▶ **Required work**:
Shown below are entries with pictures; the line with "Prodej pozemku pro" through the line with "直击中国赛塞尔比vs威尔逊" is the span to retype exactly, and the pictures stay out.

▶ **Provided information**:

■ ■ ■ ■ ■

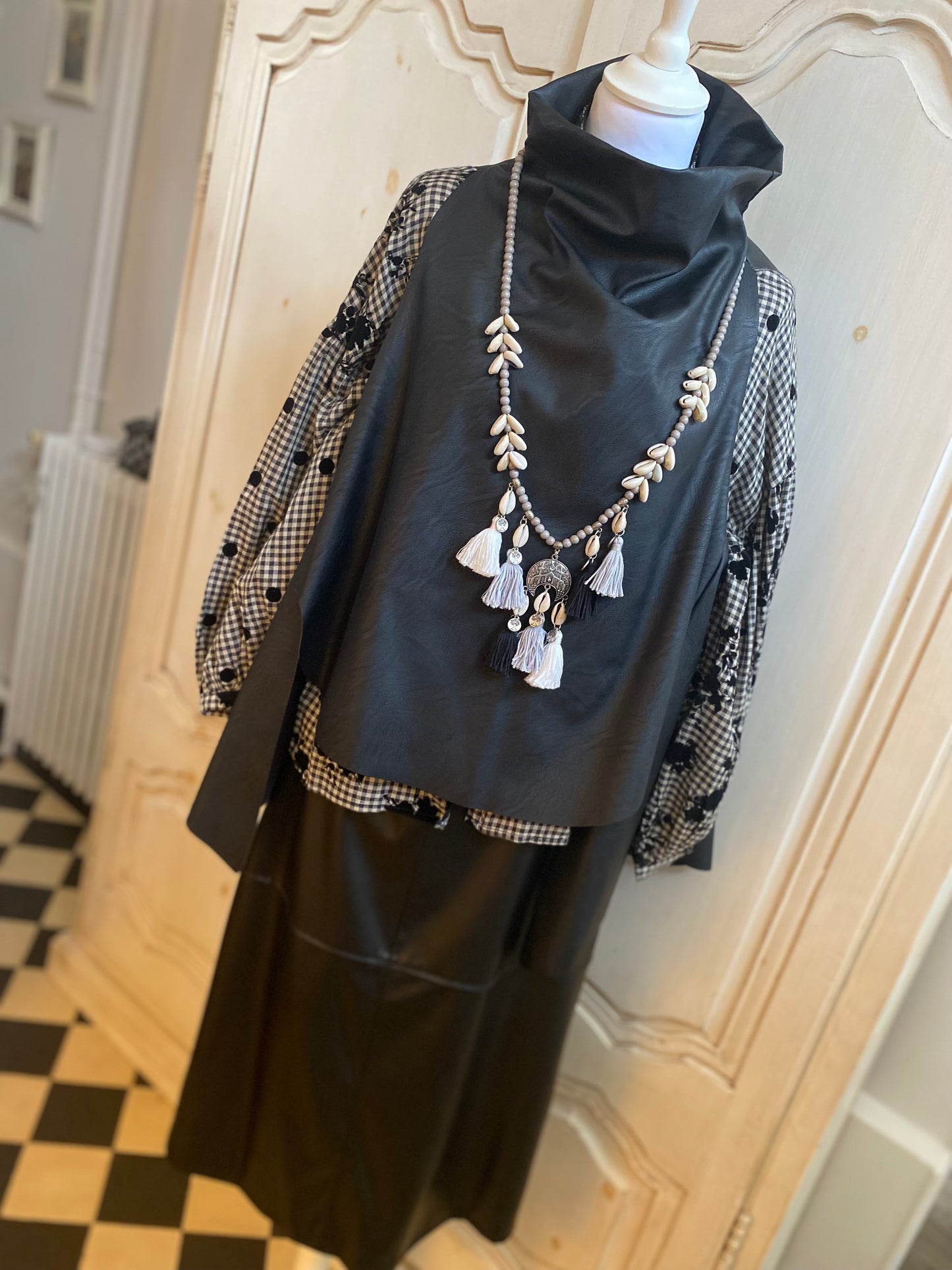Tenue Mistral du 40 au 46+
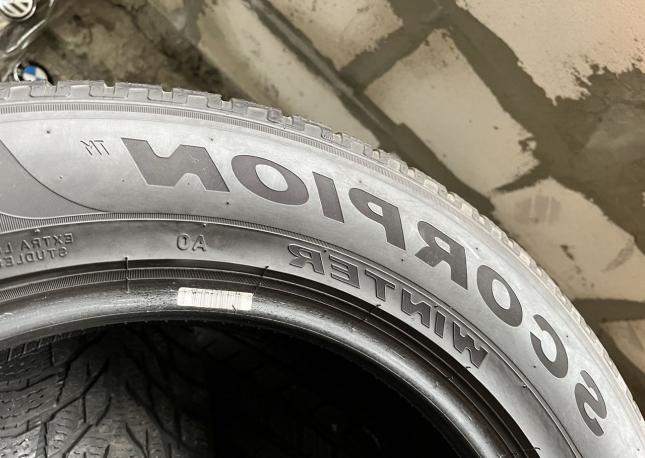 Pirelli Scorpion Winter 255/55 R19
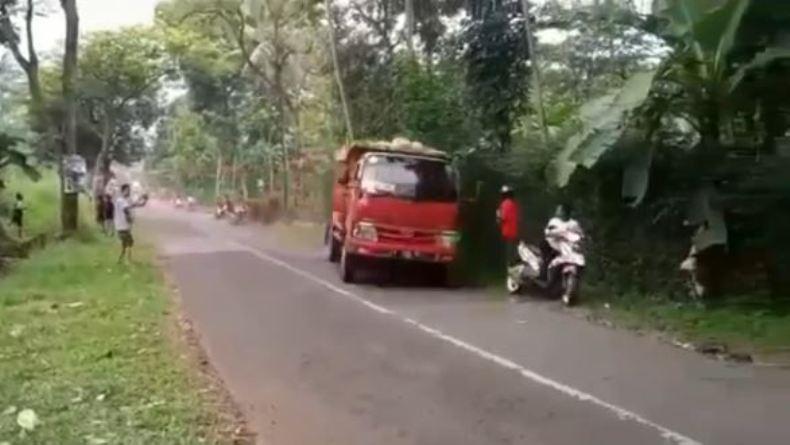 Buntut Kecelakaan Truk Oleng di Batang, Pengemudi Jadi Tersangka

■ ■ ■ ■ ■

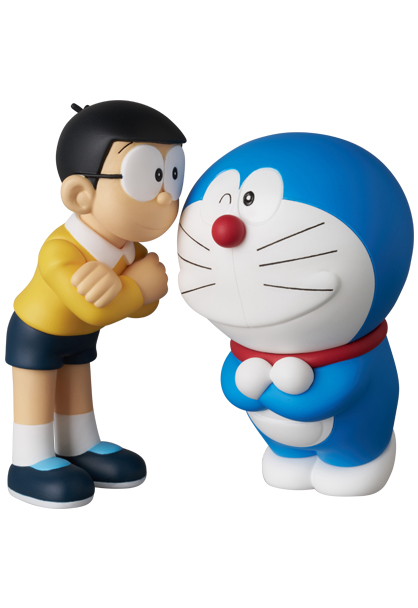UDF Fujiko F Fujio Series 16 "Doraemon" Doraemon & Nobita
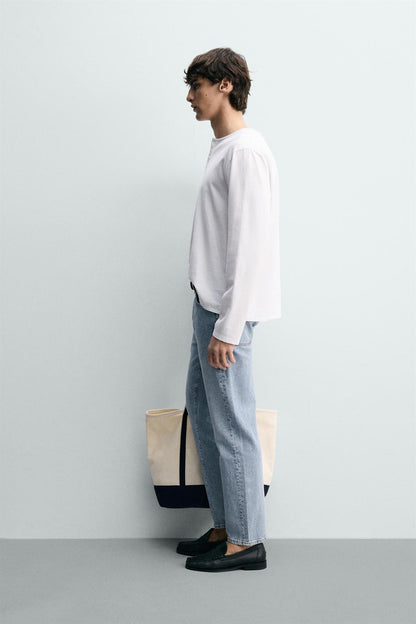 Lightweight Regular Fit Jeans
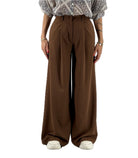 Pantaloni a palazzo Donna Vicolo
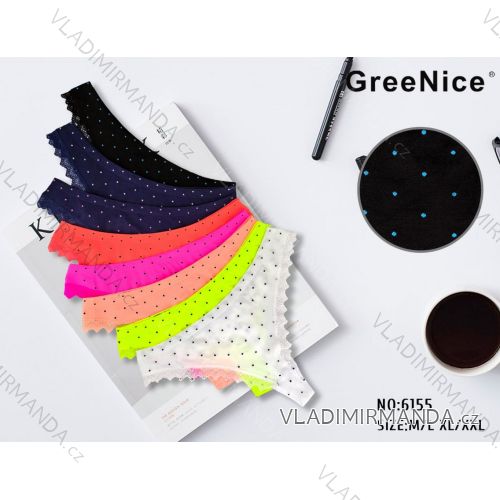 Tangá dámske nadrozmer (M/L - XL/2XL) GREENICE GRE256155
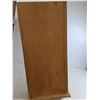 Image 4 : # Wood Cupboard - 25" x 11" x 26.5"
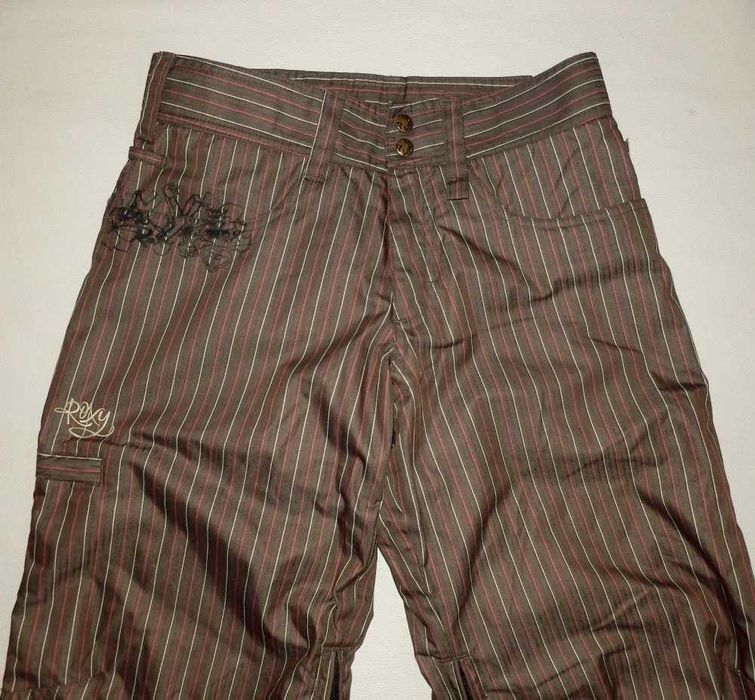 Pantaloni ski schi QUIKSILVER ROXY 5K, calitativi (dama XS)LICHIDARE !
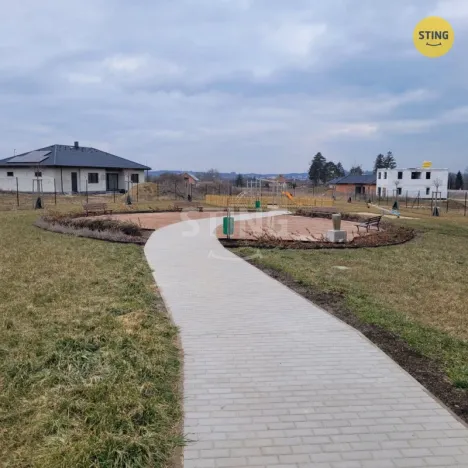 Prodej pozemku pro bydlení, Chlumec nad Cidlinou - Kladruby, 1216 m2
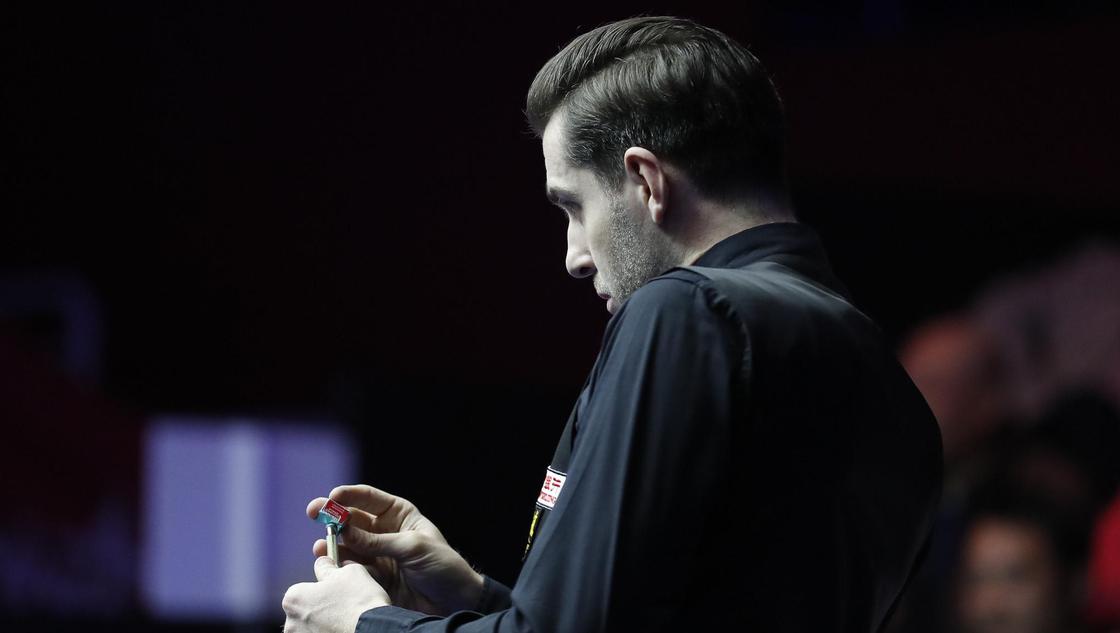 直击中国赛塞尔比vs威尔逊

■ ■ ■ ■ ■

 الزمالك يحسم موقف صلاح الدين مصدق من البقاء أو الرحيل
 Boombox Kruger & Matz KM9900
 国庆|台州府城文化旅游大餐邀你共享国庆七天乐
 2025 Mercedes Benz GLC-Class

■ ■ ■ ■ ■

▶ **Answer section**:
 Prodej pozemku pro bydlení, Chlumec nad Cidlinou - Kladruby, 1216 m2
 直击中国赛塞尔比vs威尔逊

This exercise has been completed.